At RSA Conference in San Francisco, Steve Lipner, executive director of SAFECode, reflected on some of the mistakes he has made in 50 years of working in IT and cybersecurity. In a talk he introduced as “things I wish I’d done differently,” Lipner named six instances of products and services he’s been involved with.
The first was Bell-LaPadula, a model used for enforcing access control in government and military applications, which he described as “multi-level security” and enabled an administrator with top secret level classification to read unclassified files. Calling this initially a “breakthrough in building secure computer systems and encouraging organizations trying to build secure systems,” he said this was based on the Department of Defense model of information security and classification.
However, the catch was that if you were logged in at a top secret level and got a secret email and wanted to reply, you had to log out and secretly log back in, or drill a hole in the model: a scenario he described as one that “became very frequent.”
The second mistake involved VAX SVS, a virtual machine monitor for architecture. Lipner said that “nobody wanted a system that secure” and the eventual move to PCs and consumer technology left this idle.
The third mistake was around the Digital Ethernet Secure Network Controller (DESNC), as whilst he worked at DEC in the 1980s, Ethernet was adopted and DESNC was eventually dropped as the hardware was too costly and its performance too limited.
The fourth mistake was involved the Gauntlet firewall, an early application proxy firewall which was intended as protection against exploits running against the send mail client. Lipner admitted that not enough investment was made in its management, and the launch of the Check Point firewall 1 with GUI and NT support killed the project off.

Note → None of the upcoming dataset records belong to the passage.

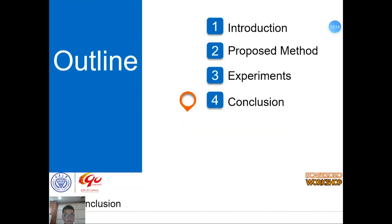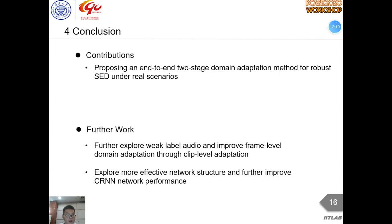In conclusion, our two-stage domain adaptation method can effectively transfer the SED model trained on synthetic audio to the real world. In future work, we will explore weak-level audio and improve frame-level domain adaptation through clip-level adaptation, and explore more effective network structures to further improve the CRNN network's performance.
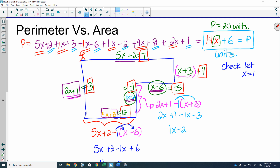That's perimeter. For area, you'd divide the shape into two rectangles, find the area of each rectangle, and add them together.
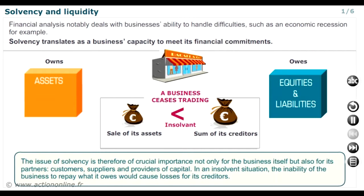The issue of solvency is therefore of crucial importance, not only for the business itself, but also for its partners, customers, suppliers and providers of capital. In an insolvent situation, the inability of the business to repay what it owes would cause losses for its creditors.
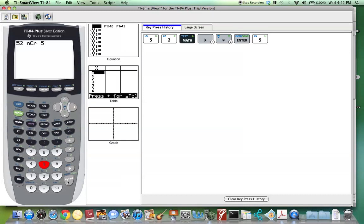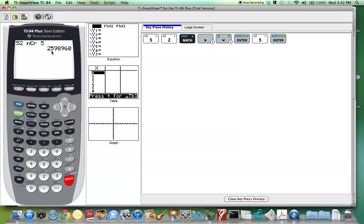We hit enter, and here's the answer to our problem. 52 choose 5 is 2,598,960. And here's the answer to our question. Thank you.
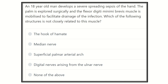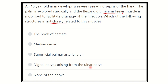The palm is explored surgically and the flexor digiti minimi brevis muscle is the focus. The options are: the hook of the hamate, the median nerve, the superficial palmar arterial arch, the digital nerve arising from the ulnar nerve, and none of the above. We have to find the structure which is NOT closely related to the flexor digiti minimi brevis.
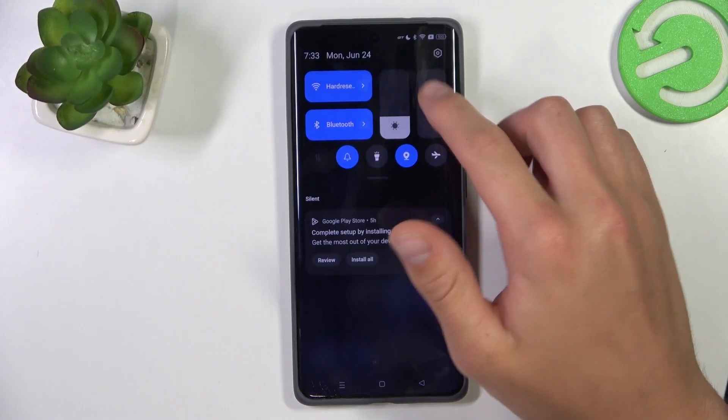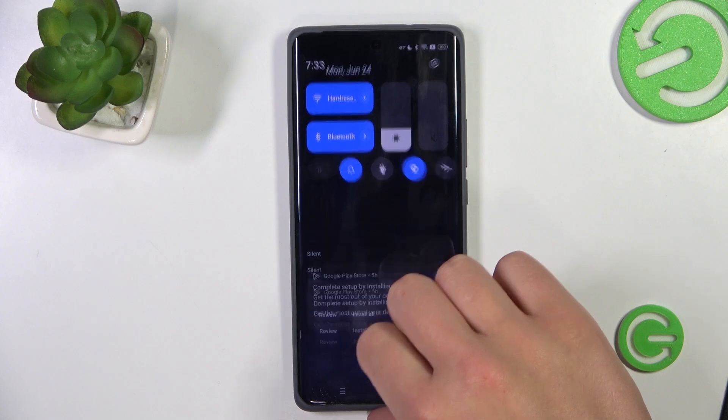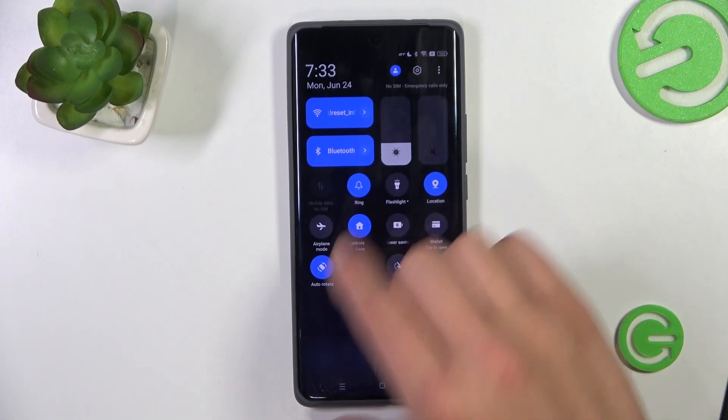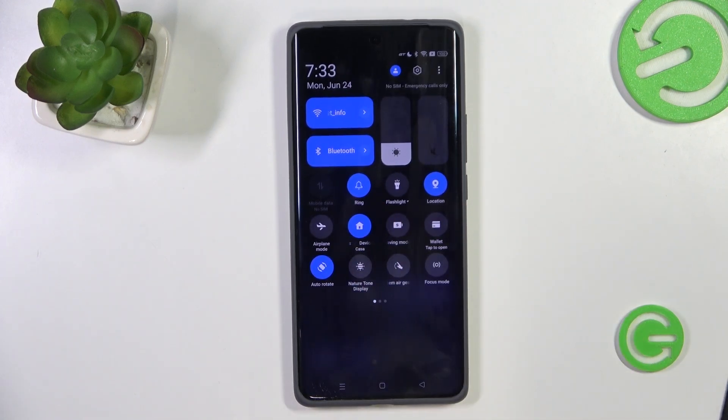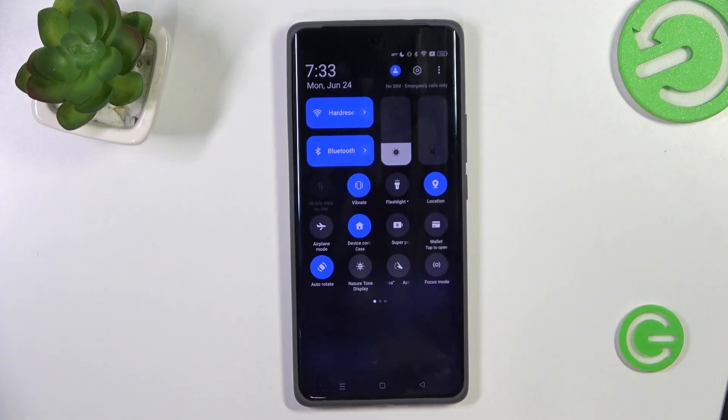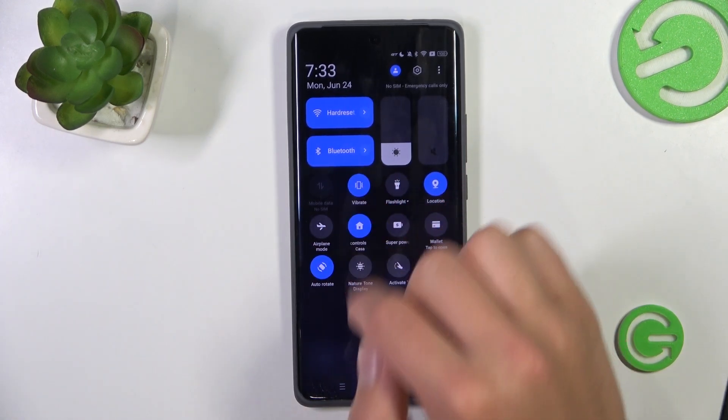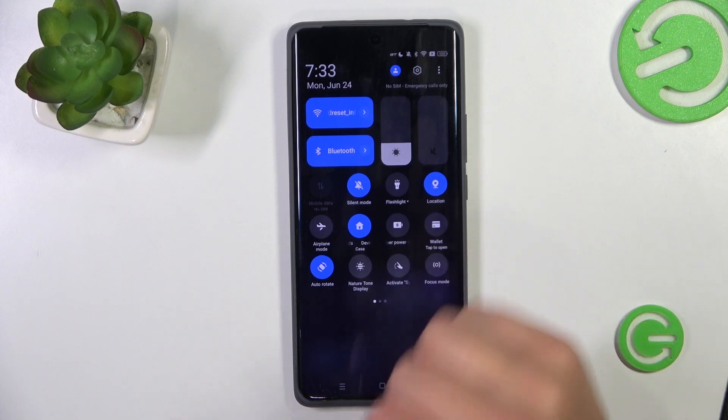Firstly, pull twice from top to the bottom and search for the bell icon. After you found it, all you have to do is tap on it to change it to vibrate or to silent mode.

The fifth mistake was inventing a key escrow system. He said that he “went down the path of building and selling packages of software tool kits,” but lessons should have been learned from Gauntlet, as if a GUI and transparent capabilities had been added, it may have succeeded. However, not doing that brought its end, whilst the government abandoning the key escrow mandate also brought an early end.
The final mistake was the ‘think like a hacker’ concept, where he encouraged all development on the next version of Windows to be stopped to wait for review. Saying this was met with skepticism, no one had done that, “so we invented what to do on the fly.”
Concluding with lessons learned, Lipner said that as well as lost investment, it was important to realize that the customer is always right, “even if they are wrong,” and it is best to decide what they want and come to a compromise.
He also encouraged usability to be considered, as if something is too complicated, users will work around it or use another product. He also encouraged delegates to push the time to market fast, as some of the ‘mistakes’ could have been pushed out in half the time that they took.